I completed a budget with Jerry. While the budget helped him uncover a few areas where he could save money, it also confirmed he was in no position to make monthly payments. Even though I informed Jerry I could arrange a proposal with a trustee for far less than 35 cents on the dollar (average proposal we structure for debtors is between 17 and 22 cents on the dollar), a monthly payment would be a great burden on Jerry, especially while he was on EI.

I was determined to find an answer and a final review of Jerry’s assets provided the answer we needed.

Lump It!

Jerry was fortunate enough to possess a LIRA, otherwise known as a Locked in Retirement Account. Imagine an RRSP that you technically can’t access until you retire. While LIRAs are particularly difficult to break, they can be broken, usually if the holder of the LIRA can prove financial hardship.

Ordinarily, I’m loathed to touch someone’s retirement account, but tough times demand extraordinary action.

I informed Jerry that he may want to dip into the LIRA in order to obtain enough money to provide his creditors with what is known as a Lump Sum Proposal.
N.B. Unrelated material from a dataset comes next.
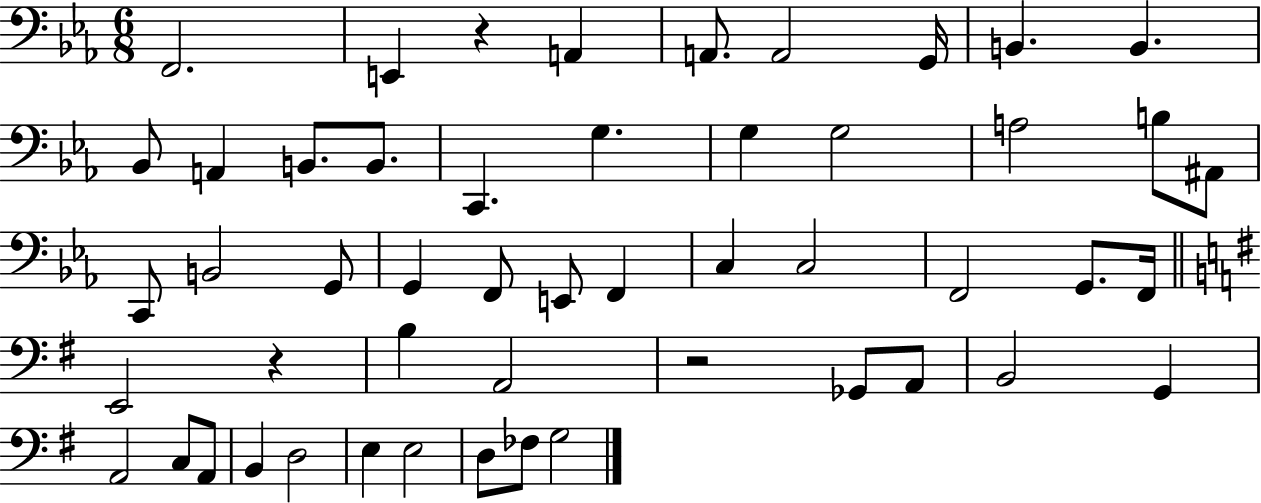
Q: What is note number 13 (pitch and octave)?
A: C2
Instead of making monthly payments to his creditors over 5 years, Jerry would offer them a one-time payment utilizing the funds from his LIRA.

Providing a Lump Sum Proposal utilizing the LIRA provided Jerry with all kinds of advantages…

  • Creditors are very partial to lump sum offers as it allows them to realize an instant return on what’s owed to them. There is no need to wait several years
  • A lump sum guarantees a creditor with a return. In Canada, about 35% of all consumer proposals fail (Proposals prepared by 4 Pillars fail only 3% of the time). If a creditor knows there’s a 100% chance of realizing a return, they will often accept a lower amount in exchange for not having to deal with the risk of failure
  • By utilizing funds from the LIRA Jerry would be taking money out of his retirement savings. However, he’d be eliminating the need to rely on monthly payments to satisfy his creditors. He would effectively eliminate his debt in one fell swoop
  • A lump sum would allow Jerry to effectively complete his proposal instantly, thus allowing him to rebuild credit and put distance between himself and the proposal faster
  • Jerry could file a “Joint” proposal, and include his wife in the proceeding, thus allowing her to avoid bankruptcy and reap the benefit of the lump sum. NOTE: a Joint proposal would also be possible in the case of a regular proposal with monthly payments. In this case though, the lump sum option was preferable.

Jerry was very excited, but soon looked defeated again. His LIRA only held $23,000, and the trustee had informed him that a proposal had to be over $38,000. I informed Jerry that since I worked for him, I would work to find ways to make a lower offer feasible. I further informed him that the average proposal I structure and present to a trustee  for filing the offer is usually around 17 to 22 cents on the dollar to creditors, and my clients have never lost a proposal.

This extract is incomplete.